PROBLEM STATEMENT >>
Search the records for the string "sink" and copy every line in which it appears.

Records from a collection:
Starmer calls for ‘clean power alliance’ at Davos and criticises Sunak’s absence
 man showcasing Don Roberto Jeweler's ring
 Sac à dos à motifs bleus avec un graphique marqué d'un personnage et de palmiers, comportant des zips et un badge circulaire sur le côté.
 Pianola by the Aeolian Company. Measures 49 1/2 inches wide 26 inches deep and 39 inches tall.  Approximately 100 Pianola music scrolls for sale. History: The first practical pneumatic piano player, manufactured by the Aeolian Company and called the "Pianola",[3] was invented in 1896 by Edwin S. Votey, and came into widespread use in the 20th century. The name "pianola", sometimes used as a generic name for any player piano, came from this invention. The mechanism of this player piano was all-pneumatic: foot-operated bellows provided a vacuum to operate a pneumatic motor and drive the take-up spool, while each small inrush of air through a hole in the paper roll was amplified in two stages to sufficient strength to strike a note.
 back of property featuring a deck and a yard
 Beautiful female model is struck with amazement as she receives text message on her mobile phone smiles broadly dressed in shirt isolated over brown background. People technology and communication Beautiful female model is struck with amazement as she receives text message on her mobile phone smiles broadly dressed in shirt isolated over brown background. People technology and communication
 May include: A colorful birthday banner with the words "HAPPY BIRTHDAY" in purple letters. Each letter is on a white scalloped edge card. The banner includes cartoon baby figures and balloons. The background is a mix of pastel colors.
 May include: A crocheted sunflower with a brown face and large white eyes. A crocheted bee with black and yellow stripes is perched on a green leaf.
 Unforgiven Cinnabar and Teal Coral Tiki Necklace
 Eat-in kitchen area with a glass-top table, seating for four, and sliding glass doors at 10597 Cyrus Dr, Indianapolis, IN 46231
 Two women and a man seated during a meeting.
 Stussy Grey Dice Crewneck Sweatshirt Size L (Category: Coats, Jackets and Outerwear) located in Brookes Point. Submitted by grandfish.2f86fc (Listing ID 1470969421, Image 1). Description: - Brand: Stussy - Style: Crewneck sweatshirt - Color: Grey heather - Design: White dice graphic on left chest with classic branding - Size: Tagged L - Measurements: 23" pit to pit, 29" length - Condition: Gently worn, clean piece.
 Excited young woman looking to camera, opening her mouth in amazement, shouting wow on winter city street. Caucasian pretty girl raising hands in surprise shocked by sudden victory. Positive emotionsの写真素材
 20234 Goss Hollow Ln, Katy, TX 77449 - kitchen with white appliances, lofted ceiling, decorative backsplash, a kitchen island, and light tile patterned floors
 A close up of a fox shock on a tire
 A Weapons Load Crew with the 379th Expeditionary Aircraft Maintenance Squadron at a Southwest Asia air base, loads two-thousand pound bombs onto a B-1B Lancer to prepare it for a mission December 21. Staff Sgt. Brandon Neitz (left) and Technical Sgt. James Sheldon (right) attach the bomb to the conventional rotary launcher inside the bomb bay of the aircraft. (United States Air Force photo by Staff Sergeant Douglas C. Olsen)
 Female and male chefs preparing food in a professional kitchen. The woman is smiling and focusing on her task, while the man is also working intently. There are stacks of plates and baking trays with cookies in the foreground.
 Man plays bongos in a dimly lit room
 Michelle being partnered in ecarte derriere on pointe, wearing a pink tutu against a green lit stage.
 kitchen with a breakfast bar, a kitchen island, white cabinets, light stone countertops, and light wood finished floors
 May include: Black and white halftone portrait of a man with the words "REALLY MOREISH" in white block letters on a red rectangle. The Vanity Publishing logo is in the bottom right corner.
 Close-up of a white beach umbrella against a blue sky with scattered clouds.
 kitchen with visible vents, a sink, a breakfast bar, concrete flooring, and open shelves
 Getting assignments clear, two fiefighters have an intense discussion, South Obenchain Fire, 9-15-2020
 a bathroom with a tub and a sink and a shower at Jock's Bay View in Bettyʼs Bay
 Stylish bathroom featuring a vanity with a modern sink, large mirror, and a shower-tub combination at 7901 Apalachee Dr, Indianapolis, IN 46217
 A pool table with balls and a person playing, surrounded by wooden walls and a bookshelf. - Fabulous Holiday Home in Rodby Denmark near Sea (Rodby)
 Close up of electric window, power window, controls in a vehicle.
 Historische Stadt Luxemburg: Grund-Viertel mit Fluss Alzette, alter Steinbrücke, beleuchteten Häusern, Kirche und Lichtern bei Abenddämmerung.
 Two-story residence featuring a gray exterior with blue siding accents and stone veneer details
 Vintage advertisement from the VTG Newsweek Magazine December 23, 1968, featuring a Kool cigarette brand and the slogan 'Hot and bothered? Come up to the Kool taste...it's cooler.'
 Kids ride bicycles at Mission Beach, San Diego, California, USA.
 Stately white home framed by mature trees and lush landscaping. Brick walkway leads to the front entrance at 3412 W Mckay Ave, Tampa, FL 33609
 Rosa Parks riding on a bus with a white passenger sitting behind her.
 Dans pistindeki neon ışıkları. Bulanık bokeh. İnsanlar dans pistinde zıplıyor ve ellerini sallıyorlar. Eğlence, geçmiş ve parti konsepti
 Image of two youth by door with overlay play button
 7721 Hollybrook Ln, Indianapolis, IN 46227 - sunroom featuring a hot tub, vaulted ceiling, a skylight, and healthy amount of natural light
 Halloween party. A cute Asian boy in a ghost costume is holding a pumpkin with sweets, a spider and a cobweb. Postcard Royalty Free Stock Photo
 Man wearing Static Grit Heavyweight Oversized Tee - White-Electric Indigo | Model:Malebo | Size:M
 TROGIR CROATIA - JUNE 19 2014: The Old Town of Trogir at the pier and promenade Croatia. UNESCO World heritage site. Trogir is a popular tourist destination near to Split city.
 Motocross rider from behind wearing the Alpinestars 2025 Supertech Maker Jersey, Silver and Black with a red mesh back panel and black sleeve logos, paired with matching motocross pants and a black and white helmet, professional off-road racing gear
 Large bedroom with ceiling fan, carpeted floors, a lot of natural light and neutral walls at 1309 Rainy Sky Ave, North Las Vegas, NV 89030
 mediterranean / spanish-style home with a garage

ANSWER >>
 kitchen with visible vents, a sink, a breakfast bar, concrete flooring, and open shelves
 a bathroom with a tub and a sink and a shower at Jock's Bay View in Bettyʼs Bay
 Stylish bathroom featuring a vanity with a modern sink, large mirror, and a shower-tub combination at 7901 Apalachee Dr, Indianapolis, IN 46217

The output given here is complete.